À primeira vista, cara de bandido, de Jean Valjean (Os Miseráveis), personificando também um pintor impressionista desconsiderado, carregando sempre uma cadeia para o mundo.
O desenho é absolutamente especial, abstração completa.
Os olhos, a boca, o nariz são como flores de tapete persa, personificando também o lado simbólico.
A cor é uma cor distante da natureza; imagine uma vaga lembrança da cerâmica deformada pelo grande fogo!
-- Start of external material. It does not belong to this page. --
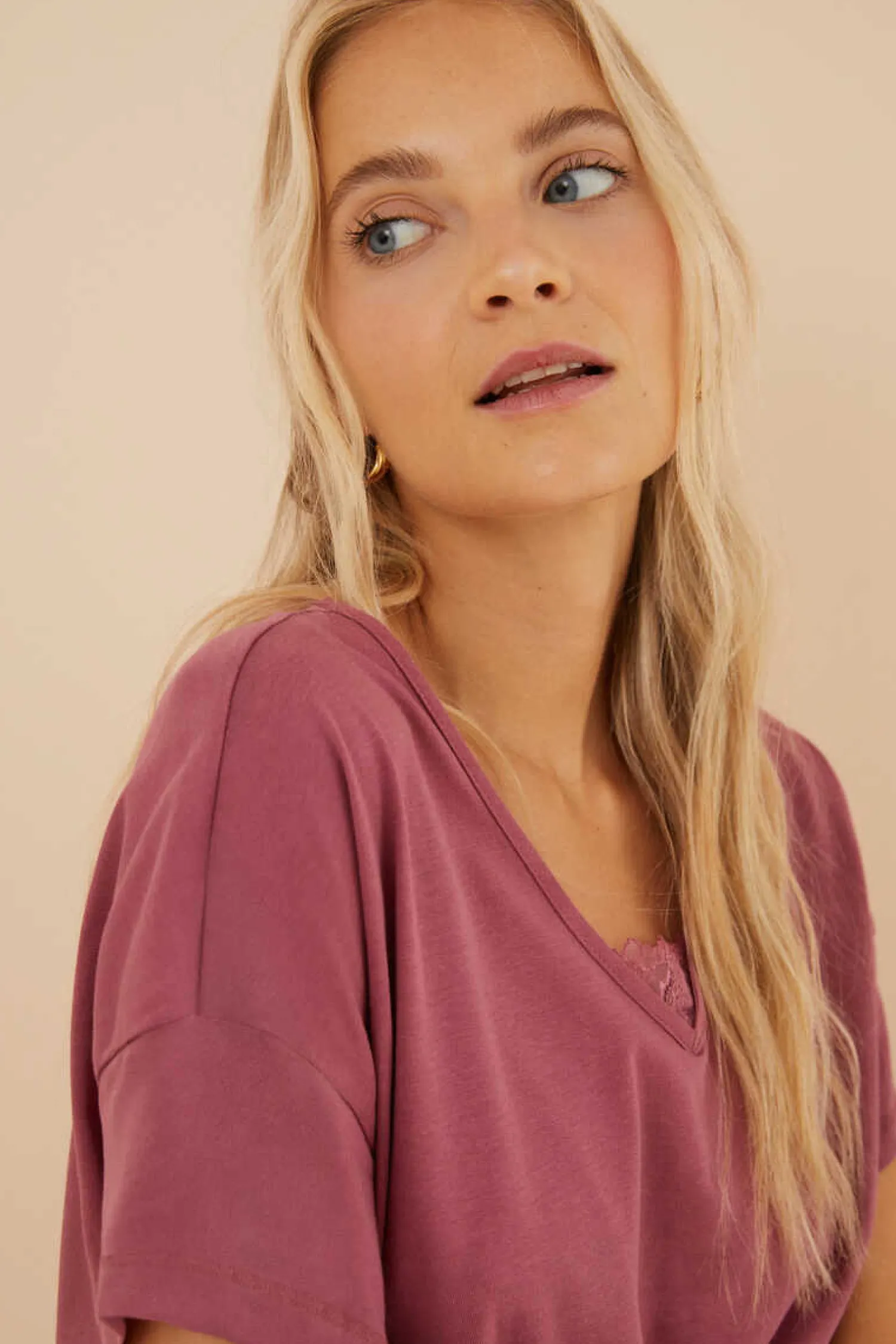 Women'secret Pijamas-T-Shirt 100% Algodao Em Grena Com Renda, De Manga Curta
Todos os vermelhos, os violetas, riscados pelos clarões de fogo como uma fornalha brilhando nos olhos, sede das lutas do pensamento do pintor.
Tudo isso sobre um fundo como salpicado de buquês infantis.
Quarto de jovem pura.
O impressionista é um puro, ainda não maculado pelo beijo podre da Écoles des Beaux-Arts.”
Este quadro foi resultado de um pedido de Van Gogh, para que tanto Gauguin como Bernard, que estavam em Pont-Aven, pintassem seus respectivos retratos e os mandassem para Arles.
Nenhum dos pintores foi capaz, por diferentes razões, de pintar o rosto do outro, e resolveram fazer autorretratos, que incluíram um esbolo do outro, no fundo.
Gauguin fez uma observação adicional numa carta a Van Gogh, de que “ao pintá-lo ( Jean Valjean) à minha semelhança, você terá uma magem de mim mesmo, bem como um retrato de todos nós, pobres vitimas da sociedade, que só retaliamos fazendo o bem.” De uma carta inédita em poder de Ir.V.W. van Gogh)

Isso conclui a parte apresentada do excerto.